--- Data under study Enclosed Below ---
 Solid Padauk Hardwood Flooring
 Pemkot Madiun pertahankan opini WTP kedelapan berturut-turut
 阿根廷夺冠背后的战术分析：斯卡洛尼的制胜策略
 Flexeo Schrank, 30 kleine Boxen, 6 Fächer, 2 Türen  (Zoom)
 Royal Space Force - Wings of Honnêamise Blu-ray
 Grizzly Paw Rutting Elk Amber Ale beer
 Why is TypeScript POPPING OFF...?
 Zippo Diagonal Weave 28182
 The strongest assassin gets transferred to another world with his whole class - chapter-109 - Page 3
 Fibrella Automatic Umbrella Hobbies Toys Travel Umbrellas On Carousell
--- End of Enclosed Data under study ---
--- Data under study Enclosed Below ---
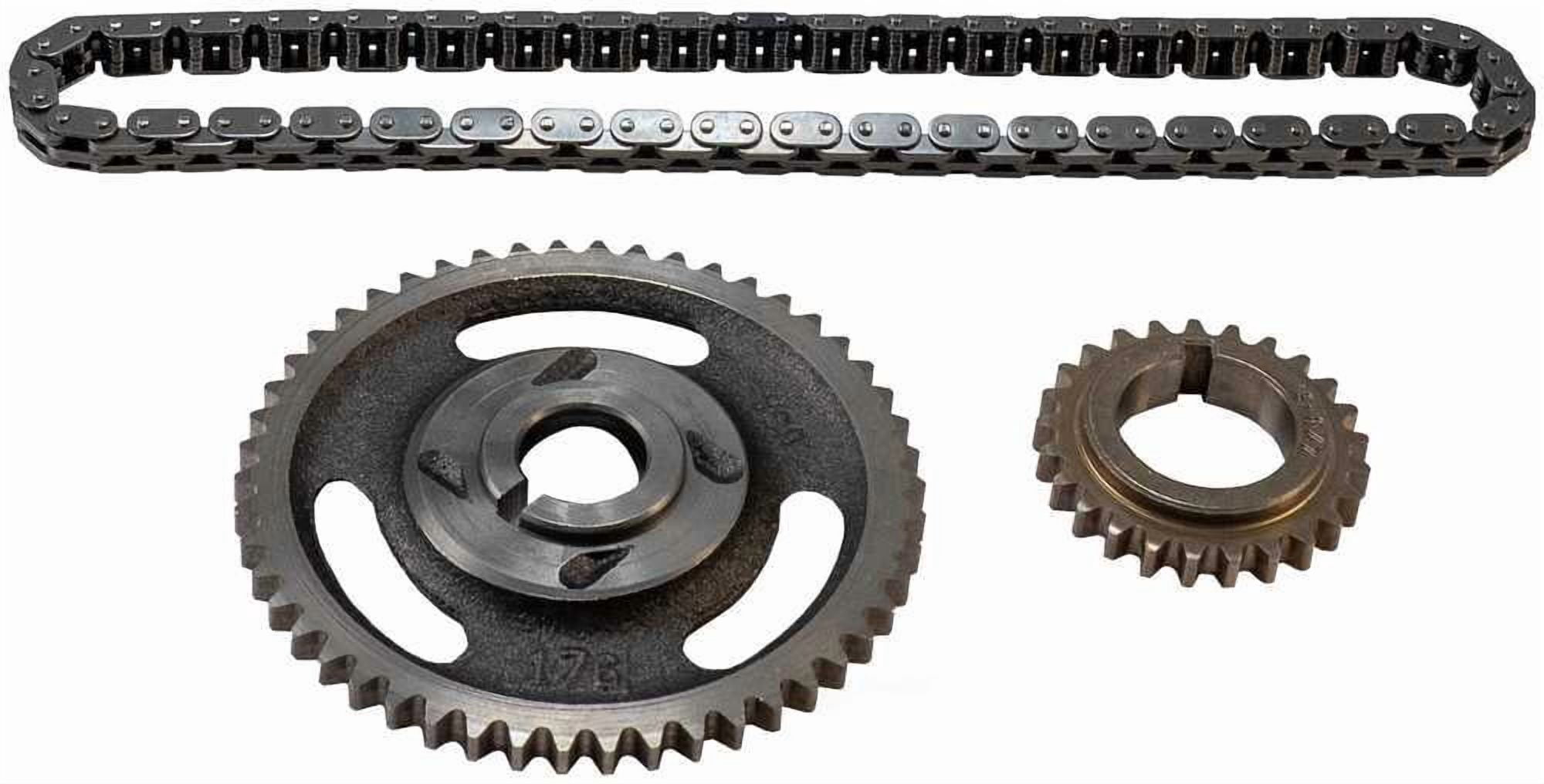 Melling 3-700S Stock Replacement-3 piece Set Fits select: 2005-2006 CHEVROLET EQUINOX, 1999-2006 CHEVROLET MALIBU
--- End of Enclosed Data under study ---
--- Data under study Enclosed Below ---
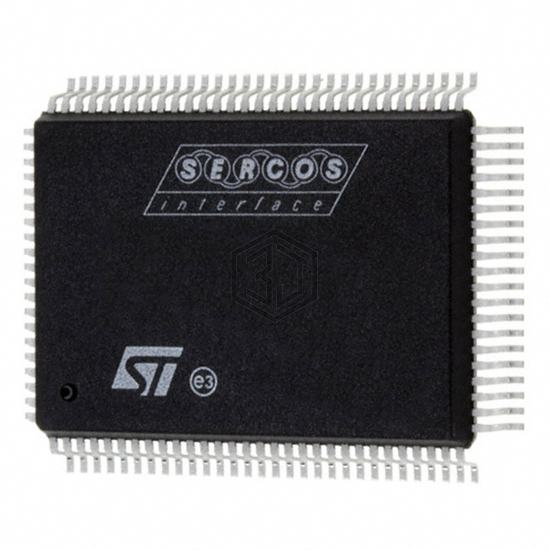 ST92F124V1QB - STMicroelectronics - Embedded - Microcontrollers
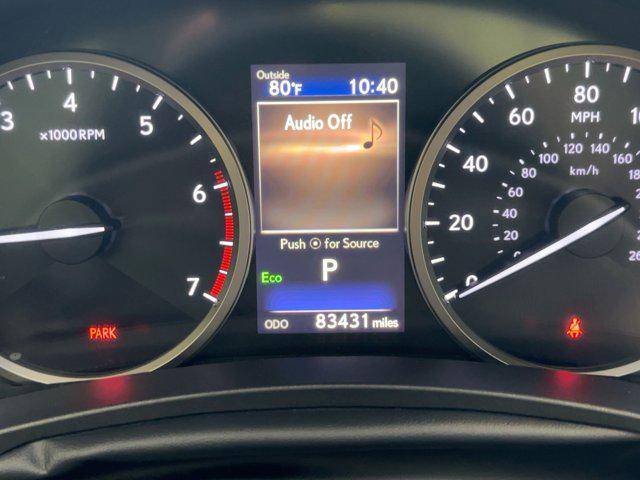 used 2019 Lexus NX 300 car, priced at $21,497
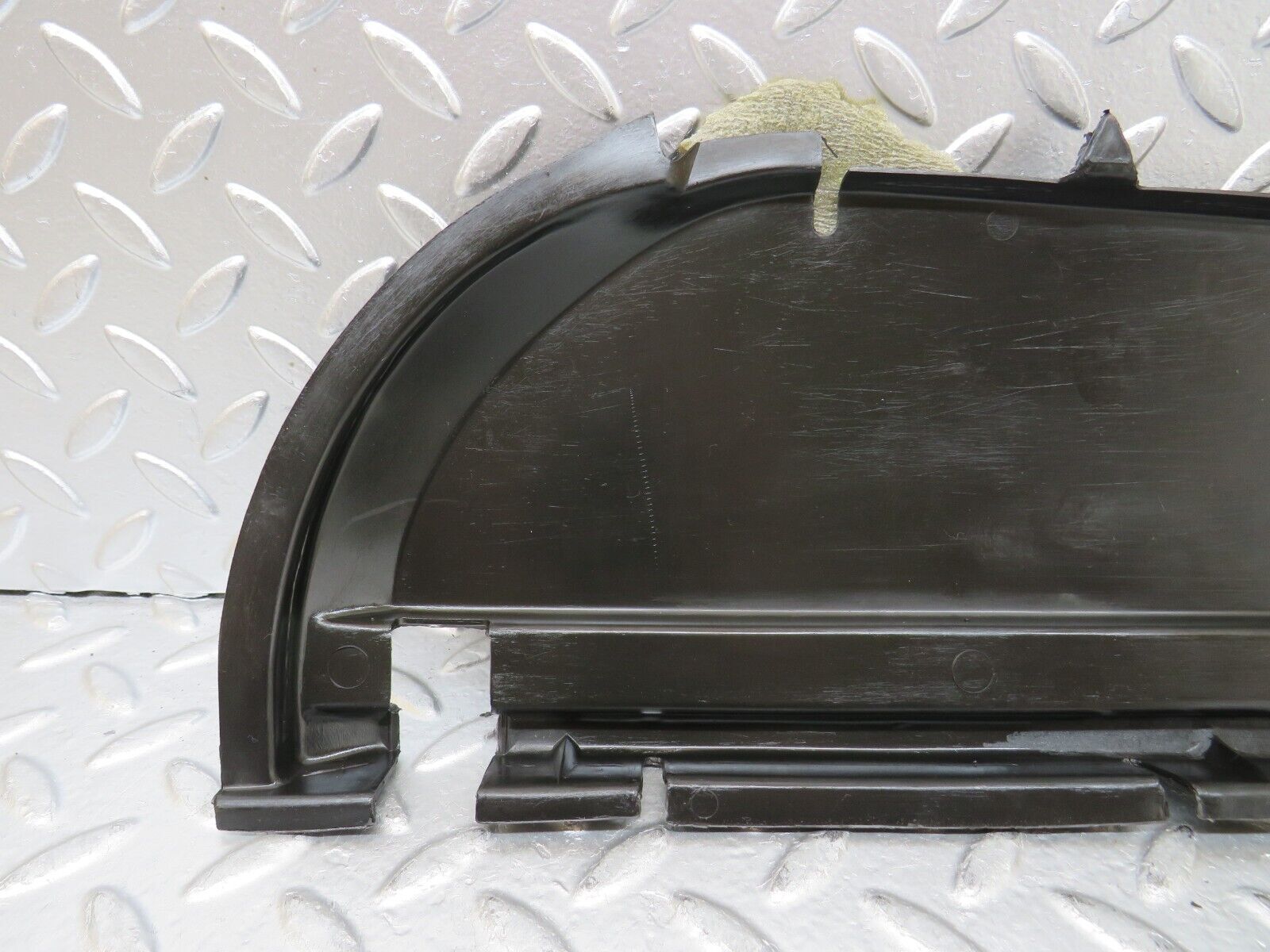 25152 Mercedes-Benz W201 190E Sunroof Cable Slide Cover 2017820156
--- End of Enclosed Data under study ---
Exercise goal:
Among the records above, extract exactly the lines from the line with "The strongest assassin" to the line with "Fibrella Automatic Umbrella", both lines included, and leave out the rest.

Exercise solution:
 The strongest assassin gets transferred to another world with his whole class - chapter-109 - Page 3
 Fibrella Automatic Umbrella Hobbies Toys Travel Umbrellas On Carousell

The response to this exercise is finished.